In bitcoin, supply cannot increase. The same pressure to produce more money exists, but must be absorbed by other means—primarily through changes in marginal cost and velocity.
When bitcoin appreciates, more capital flows into mining. However, since the supply is fixed, there is no relieving effect from an increase in supply. Marginal cost will rise, reducing margins and absorbing excess profitability. At the same time, velocity will increase to mimic the effect of inflation. As mining costs rise, miners are forced to circulate more purchasing power.
This velocity effect can also arise from dormant coins reentering the market. If price appreciation entices long-held bitcoin out of hoards, circulating supply effectively increases. This pseudo-elastic response acts as a pressure valve.

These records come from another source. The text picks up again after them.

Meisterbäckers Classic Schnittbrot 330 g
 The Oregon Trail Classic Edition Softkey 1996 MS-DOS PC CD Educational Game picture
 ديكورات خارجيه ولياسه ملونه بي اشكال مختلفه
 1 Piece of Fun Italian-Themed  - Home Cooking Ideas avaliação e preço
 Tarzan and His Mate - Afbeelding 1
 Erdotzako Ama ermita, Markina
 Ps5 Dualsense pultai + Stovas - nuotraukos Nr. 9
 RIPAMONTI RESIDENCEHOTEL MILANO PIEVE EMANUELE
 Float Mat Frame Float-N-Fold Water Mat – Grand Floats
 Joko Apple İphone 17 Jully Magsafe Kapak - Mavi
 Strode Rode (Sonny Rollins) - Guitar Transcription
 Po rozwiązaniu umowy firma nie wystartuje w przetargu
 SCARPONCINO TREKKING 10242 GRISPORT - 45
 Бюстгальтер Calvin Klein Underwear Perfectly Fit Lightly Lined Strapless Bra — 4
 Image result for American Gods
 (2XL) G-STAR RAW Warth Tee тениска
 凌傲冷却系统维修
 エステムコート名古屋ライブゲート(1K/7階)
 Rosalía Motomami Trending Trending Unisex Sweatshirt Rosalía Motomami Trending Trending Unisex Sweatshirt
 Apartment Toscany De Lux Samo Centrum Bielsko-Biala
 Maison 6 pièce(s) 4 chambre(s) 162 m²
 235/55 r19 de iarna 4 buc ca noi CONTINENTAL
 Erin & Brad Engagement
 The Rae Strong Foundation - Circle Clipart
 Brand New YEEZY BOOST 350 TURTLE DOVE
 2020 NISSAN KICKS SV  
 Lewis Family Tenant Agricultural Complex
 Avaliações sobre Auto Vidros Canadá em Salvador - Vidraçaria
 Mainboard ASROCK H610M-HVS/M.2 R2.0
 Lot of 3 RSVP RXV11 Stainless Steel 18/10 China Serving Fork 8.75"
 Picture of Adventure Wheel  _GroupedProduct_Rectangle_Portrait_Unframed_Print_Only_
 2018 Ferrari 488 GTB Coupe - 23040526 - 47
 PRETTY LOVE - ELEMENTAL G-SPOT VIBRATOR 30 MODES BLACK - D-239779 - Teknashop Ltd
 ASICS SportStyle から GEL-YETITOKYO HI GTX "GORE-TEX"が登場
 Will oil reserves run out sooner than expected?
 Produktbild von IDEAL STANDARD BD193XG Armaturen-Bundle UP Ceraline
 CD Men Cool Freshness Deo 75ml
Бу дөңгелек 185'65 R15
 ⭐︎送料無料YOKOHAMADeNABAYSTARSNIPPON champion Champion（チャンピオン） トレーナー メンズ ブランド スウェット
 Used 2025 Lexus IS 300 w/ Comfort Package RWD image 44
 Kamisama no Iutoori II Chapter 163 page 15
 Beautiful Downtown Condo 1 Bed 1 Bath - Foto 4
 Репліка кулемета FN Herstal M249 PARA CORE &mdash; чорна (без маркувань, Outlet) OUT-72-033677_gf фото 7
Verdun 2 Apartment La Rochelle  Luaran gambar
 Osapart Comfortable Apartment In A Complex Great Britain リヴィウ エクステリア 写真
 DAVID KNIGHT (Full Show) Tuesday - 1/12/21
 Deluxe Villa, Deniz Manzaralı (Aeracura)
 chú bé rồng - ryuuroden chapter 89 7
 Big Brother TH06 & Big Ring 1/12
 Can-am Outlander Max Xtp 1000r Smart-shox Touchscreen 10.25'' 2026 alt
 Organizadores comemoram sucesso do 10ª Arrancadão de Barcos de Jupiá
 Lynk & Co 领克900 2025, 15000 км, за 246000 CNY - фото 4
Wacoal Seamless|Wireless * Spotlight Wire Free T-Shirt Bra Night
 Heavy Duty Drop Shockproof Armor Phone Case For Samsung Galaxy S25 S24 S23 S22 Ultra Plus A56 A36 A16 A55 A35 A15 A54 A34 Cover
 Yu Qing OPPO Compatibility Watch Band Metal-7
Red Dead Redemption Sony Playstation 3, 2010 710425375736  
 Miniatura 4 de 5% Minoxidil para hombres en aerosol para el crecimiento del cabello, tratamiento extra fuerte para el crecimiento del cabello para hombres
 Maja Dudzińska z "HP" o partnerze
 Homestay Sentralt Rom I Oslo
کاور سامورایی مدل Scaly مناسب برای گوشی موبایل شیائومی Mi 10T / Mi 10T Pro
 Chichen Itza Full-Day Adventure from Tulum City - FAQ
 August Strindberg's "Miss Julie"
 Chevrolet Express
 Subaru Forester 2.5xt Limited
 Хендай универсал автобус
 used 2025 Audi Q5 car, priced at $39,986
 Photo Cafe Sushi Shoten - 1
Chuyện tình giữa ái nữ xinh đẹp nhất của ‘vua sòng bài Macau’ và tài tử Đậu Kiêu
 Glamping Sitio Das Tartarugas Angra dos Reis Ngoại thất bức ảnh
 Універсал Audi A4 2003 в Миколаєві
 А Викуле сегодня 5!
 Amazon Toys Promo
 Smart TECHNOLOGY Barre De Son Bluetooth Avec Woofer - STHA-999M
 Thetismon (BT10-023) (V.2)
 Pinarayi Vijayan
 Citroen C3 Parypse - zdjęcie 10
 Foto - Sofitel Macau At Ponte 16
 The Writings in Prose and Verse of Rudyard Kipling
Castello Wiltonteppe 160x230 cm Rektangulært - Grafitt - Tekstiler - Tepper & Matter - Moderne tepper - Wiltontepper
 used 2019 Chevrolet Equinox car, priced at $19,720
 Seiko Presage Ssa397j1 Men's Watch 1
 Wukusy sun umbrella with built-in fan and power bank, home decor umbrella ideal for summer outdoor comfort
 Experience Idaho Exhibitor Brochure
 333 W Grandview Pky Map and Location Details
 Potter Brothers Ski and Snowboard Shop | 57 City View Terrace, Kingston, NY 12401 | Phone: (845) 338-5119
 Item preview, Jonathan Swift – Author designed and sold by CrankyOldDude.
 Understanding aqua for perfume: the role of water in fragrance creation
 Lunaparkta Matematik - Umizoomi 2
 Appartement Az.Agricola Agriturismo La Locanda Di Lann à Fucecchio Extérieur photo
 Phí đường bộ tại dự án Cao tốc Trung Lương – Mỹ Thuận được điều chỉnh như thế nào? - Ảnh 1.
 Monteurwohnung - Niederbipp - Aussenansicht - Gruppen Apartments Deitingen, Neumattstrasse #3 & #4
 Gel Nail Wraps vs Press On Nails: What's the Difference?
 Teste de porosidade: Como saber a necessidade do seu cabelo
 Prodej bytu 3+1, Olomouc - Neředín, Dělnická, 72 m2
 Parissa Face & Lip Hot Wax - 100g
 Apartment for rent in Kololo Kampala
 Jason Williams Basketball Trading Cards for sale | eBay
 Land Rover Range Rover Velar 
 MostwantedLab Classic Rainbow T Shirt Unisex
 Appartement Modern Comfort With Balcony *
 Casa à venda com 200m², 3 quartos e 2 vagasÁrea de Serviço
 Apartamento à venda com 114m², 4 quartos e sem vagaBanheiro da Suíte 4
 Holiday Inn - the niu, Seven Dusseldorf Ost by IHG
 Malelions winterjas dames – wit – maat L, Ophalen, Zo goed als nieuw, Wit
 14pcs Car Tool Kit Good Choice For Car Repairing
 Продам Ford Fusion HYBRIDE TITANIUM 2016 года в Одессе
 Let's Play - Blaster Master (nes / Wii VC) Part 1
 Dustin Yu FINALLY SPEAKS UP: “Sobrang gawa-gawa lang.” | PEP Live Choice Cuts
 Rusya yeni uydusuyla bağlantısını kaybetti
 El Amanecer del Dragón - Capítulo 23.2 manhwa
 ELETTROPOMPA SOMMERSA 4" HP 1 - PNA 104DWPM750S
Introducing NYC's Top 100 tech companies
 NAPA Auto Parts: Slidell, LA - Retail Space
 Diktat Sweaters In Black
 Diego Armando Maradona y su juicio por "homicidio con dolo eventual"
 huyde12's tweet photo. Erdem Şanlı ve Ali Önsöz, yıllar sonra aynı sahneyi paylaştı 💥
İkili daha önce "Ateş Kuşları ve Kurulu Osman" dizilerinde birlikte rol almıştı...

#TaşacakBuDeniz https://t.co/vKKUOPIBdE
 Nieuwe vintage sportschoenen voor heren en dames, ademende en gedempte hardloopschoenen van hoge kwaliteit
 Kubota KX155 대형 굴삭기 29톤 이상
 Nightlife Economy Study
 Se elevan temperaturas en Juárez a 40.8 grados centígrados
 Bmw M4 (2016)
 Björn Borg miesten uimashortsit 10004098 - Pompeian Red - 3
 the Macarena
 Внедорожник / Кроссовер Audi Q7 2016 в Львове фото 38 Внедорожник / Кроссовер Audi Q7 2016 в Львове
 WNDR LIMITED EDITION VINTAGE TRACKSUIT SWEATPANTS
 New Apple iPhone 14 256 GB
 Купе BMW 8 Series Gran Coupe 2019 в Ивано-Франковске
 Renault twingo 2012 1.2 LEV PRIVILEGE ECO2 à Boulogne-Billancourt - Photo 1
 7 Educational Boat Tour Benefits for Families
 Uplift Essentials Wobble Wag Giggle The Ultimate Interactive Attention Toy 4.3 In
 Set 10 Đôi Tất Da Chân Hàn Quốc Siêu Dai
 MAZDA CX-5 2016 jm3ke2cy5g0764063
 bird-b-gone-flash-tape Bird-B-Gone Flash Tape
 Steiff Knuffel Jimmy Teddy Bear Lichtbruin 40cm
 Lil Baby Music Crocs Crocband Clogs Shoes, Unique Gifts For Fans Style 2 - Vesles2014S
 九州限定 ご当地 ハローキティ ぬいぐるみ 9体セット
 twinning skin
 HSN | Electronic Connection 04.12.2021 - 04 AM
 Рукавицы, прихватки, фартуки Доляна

Several metrics help measure bitcoin velocity today:
- Realized Cap Velocity = Total Transaction Volume/Realized Cap
(I think this is what Willy Woo is doing below. You can plainly see this relationship in the past couple of years, as price rises realized velocity rises.)

- Coin Days Destroyed (CDD) and Value Days Destroyed (VDD)
(Track movement of long-dormant coins and signal deeper market activity)

A viable way to introduce elasticity into a bitcoin-based system is through a bi-token model, where bitcoin acts as base money and a secondary token provides transactional flexibility. I'm not saying this is ideal, but it is an idea we should engage with. A bi-token standard mirrors historical bi-metallic gold-silver standards, with the secondary asset expanding in supply to relieve inflationary pressure as bitcoin appreciates. A secondary coin—pegged to bitcoin and governed by credit issuance or algorithmic rules—could absorb this pressure, offering a dynamic, rules-based outlet for monetary expansion without compromising bitcoin’s role as a stable, apolitical store of value.
Conclusion
The key insight from this exploration is that inflation is not inherently artificial or evil. It has always emerged as a natural response to growth, innovation, and rising productivity. For millennia, economies have adapted to inflationary pressures through commodity supply increases, credit expansion, or layered financial systems. Bitcoin, with its fixed supply, breaks this historical pattern and forces us to confront a fundamental question: where will the inflationary impulse go?
Bitcoin’s rigidity is not a flaw—it’s a revolutionary constraint. But constraints create pressure. If bitcoin becomes the monetary foundation of the future, that pressure will need release valves: through velocity, through innovation, and potentially through complementary monetary instruments. A bi-token model is one possible path, echoing past systems while remaining grounded in bitcoin’s core principles.
To build a sustainable future on bitcoin, we must not only defend its properties but also understand the economic forces that shaped the world it seeks to replace.